To powtórny proces w tej sprawie - w pierwszym zapadły wyroki w zawieszeniu. Tym razem sąd miał zbadać przede wszystkim, czy oskarżonym można przypisać działanie w zorganizowanej grupie przestępczej, która miała za cel publiczne propagowanie faszyzmu i nawoływanie do nienawiści na tle narodowościowym i wyznaniowym.
W pierwszym procesie sądy obu instancji uznały, że takiej grupy nie było, ale po wniesieniu kasacji przez osobę prywatną, która w procesie miała status oskarżyciela posiłkowego, Sąd Najwyższy nakazał jeszcze raz zbadać ten aspekt sprawy.

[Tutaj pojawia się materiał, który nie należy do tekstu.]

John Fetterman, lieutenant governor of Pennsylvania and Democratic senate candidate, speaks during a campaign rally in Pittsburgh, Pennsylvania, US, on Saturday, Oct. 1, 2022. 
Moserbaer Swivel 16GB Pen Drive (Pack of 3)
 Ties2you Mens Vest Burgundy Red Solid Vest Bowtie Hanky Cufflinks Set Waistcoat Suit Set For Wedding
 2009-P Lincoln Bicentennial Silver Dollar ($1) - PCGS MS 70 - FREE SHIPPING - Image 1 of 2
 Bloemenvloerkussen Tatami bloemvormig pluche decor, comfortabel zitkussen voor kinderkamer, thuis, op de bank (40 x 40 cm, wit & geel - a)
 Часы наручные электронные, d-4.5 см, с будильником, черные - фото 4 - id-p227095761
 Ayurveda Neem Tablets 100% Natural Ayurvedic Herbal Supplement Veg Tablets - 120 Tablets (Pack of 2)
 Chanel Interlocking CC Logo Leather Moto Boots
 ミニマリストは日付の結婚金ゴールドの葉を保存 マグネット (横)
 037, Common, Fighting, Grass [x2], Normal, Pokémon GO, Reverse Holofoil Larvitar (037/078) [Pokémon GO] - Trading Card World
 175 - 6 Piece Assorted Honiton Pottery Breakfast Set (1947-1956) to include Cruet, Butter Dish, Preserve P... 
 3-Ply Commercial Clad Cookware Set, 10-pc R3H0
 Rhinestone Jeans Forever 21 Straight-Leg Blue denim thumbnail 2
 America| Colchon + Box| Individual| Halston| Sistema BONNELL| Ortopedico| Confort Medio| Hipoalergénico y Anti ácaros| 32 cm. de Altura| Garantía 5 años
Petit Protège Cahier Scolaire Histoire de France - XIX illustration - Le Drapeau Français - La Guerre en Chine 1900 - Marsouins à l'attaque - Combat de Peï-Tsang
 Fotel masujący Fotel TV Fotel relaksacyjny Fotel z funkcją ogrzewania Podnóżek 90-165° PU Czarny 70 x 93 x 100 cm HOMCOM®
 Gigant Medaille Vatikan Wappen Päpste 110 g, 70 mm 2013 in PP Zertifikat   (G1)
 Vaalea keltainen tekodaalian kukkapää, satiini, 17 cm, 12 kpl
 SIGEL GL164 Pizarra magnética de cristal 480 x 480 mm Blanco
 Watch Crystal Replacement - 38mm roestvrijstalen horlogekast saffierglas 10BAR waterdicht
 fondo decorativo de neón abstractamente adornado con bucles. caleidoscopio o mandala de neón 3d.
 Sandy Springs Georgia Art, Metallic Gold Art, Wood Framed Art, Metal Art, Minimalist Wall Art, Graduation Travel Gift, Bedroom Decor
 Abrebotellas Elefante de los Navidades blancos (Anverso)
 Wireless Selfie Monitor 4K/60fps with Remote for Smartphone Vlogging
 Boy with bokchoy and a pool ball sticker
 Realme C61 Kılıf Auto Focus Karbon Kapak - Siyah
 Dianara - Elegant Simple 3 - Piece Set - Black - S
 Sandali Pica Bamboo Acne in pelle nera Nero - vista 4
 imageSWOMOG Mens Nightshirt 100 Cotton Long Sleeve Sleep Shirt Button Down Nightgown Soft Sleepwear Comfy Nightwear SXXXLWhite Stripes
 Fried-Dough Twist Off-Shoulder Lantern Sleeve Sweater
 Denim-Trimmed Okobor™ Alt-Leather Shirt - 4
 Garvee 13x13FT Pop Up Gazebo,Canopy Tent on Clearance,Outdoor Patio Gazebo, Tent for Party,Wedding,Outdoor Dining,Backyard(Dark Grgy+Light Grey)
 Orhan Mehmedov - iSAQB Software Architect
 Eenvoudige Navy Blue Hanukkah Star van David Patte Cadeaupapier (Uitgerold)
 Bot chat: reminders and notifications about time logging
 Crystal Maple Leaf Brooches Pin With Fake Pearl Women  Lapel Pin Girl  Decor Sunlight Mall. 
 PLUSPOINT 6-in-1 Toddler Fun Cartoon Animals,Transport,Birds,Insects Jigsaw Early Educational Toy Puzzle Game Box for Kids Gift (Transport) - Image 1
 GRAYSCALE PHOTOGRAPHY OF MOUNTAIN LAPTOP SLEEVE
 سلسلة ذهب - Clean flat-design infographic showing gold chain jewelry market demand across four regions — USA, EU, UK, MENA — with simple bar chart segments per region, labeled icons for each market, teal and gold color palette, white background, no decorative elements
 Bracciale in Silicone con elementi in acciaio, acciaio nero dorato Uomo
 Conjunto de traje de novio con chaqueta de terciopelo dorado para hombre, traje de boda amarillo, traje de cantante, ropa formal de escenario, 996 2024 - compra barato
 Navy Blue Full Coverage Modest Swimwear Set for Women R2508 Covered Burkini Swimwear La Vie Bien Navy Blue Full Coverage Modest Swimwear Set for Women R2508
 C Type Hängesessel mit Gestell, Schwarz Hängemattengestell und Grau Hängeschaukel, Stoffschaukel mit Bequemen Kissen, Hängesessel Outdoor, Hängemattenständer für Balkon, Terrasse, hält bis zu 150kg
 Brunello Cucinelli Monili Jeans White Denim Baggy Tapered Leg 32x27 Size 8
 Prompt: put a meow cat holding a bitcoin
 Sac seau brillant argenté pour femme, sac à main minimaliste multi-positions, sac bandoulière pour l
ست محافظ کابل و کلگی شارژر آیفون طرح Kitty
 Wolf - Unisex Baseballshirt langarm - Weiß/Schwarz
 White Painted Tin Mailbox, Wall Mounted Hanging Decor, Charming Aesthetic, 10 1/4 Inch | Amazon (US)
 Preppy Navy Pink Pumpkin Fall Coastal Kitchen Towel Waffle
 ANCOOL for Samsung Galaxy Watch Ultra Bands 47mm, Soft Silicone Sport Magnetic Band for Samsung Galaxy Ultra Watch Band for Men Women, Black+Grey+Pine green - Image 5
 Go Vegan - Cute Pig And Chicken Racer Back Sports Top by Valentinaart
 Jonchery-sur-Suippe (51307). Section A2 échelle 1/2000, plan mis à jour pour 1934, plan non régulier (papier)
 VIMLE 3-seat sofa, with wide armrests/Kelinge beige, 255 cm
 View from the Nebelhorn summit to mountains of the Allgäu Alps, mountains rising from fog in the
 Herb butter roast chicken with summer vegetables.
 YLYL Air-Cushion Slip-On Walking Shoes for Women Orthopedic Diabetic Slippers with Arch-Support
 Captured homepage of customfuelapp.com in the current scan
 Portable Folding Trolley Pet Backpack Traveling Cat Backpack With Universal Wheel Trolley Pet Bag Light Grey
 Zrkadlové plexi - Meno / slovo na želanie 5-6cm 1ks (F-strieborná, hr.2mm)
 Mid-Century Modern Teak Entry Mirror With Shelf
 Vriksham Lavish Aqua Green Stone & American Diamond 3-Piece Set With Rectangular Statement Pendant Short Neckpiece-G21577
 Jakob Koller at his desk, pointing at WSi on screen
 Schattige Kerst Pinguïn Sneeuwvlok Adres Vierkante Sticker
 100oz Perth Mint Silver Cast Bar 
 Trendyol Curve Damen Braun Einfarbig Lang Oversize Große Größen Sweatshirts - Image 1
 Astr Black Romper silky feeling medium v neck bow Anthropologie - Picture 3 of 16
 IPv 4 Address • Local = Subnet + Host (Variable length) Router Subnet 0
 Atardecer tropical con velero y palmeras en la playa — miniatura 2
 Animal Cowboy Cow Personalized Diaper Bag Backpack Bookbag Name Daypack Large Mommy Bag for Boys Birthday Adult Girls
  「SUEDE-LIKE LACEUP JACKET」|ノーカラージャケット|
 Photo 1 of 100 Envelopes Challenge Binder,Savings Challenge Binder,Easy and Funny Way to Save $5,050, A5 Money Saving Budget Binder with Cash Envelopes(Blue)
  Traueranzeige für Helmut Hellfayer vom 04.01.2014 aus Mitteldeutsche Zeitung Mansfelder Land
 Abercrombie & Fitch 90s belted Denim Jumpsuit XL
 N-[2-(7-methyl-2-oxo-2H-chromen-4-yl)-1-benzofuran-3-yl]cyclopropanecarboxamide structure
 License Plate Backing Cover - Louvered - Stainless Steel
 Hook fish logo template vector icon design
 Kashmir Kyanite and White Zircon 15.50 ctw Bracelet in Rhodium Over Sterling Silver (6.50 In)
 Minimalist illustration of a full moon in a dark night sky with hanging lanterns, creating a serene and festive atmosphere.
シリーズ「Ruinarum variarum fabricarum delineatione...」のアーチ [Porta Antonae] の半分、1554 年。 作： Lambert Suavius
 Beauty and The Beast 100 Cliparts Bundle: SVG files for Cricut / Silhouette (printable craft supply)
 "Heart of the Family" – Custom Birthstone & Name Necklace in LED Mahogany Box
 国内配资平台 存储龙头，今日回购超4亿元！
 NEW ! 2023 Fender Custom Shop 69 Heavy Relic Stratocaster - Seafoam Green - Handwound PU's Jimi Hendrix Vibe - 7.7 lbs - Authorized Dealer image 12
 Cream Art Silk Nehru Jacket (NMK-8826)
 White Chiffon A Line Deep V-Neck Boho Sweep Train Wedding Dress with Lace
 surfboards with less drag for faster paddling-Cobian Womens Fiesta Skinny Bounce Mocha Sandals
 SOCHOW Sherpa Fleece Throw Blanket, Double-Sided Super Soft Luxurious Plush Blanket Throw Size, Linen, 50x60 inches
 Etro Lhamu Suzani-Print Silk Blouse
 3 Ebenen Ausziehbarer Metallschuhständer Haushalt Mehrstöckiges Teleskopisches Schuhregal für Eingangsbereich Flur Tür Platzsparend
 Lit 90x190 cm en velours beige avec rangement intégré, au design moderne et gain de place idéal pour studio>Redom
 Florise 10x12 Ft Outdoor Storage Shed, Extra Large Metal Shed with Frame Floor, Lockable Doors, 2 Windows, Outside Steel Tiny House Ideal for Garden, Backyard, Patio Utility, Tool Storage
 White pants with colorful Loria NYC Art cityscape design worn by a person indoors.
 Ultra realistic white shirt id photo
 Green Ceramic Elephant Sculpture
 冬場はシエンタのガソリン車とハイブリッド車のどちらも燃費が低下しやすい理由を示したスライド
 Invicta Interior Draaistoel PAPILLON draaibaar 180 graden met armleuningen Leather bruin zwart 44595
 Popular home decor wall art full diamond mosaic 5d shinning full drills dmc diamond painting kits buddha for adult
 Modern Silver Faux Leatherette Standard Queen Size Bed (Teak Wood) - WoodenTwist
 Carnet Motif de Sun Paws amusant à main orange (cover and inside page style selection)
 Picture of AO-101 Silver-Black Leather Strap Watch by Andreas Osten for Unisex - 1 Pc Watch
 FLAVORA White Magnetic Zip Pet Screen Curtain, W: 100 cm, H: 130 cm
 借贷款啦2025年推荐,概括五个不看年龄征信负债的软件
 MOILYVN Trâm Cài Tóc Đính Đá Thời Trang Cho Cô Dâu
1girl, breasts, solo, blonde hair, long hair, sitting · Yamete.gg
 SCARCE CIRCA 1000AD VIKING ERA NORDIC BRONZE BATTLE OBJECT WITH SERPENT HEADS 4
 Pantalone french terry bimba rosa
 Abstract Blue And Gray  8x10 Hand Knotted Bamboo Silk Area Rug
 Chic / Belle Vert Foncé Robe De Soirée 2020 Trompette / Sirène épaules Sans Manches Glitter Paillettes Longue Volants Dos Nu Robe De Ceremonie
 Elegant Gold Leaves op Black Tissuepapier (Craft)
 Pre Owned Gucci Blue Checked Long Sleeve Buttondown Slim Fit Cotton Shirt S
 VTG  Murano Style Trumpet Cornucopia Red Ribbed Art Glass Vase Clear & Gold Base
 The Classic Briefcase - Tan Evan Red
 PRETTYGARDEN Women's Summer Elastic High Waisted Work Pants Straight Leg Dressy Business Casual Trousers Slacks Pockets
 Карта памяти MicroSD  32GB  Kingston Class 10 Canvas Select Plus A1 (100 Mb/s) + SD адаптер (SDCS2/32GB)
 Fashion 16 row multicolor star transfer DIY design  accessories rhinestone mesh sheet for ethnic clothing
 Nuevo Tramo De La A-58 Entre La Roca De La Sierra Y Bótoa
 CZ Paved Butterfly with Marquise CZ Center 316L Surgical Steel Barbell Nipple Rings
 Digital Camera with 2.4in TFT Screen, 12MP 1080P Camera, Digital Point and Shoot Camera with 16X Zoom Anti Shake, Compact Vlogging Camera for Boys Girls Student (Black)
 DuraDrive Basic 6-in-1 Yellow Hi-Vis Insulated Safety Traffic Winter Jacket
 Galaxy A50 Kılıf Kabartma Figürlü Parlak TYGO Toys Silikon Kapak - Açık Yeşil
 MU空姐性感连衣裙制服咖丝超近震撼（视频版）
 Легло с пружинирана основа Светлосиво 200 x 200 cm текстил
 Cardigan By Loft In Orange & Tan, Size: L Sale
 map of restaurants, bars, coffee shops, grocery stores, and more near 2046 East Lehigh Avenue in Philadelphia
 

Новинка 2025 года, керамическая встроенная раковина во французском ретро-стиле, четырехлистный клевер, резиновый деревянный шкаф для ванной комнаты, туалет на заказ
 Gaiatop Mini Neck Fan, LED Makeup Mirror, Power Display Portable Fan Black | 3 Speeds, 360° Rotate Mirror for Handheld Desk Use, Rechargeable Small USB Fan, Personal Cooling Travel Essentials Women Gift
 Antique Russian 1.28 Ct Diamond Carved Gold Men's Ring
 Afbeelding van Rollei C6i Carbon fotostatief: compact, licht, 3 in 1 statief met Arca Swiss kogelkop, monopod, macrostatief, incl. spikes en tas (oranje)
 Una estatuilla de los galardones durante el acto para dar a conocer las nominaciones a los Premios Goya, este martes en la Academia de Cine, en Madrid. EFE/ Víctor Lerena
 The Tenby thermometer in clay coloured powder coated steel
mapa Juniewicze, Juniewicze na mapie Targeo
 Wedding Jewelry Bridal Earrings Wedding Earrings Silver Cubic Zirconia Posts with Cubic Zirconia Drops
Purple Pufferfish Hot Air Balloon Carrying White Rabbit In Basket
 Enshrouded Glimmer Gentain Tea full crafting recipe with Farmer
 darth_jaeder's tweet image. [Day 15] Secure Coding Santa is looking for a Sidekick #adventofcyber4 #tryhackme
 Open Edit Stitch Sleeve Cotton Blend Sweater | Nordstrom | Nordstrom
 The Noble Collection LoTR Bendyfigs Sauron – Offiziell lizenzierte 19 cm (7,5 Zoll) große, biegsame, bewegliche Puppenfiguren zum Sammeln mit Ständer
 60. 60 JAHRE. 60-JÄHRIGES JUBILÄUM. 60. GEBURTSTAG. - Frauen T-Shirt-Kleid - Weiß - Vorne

W sierpniu, w drugim procesie, Sąd Okręgowy w Białymstoku skazał czterech młodych mężczyzn na kary po roku więzienia bez zawieszenia, przyjmując też, że oskarżeni działali w zorganizowanej grupie przestępczej o nazwie "IV Edycja", która istniała w środowisku białostockich skinheadów.
Sędzia Leszek Kulik mówił, że nie ulega wątpliwości, iż "IV Edycja" była grupą przestępczą w definicji kodeksu karnego, o czym świadczy stopień jej zorganizowania.
"Wszystkich członków łączyła jedna wyznawana ideologia czy poglądy o charakterze faszystowskim, antysemickim czy rasistowskim" - mówił sędzia. Grupa miała też na celu popełnianie przestępstw, a - jak zaznaczył sędzia - wystarczyło popełnienie jednego przestępstwa.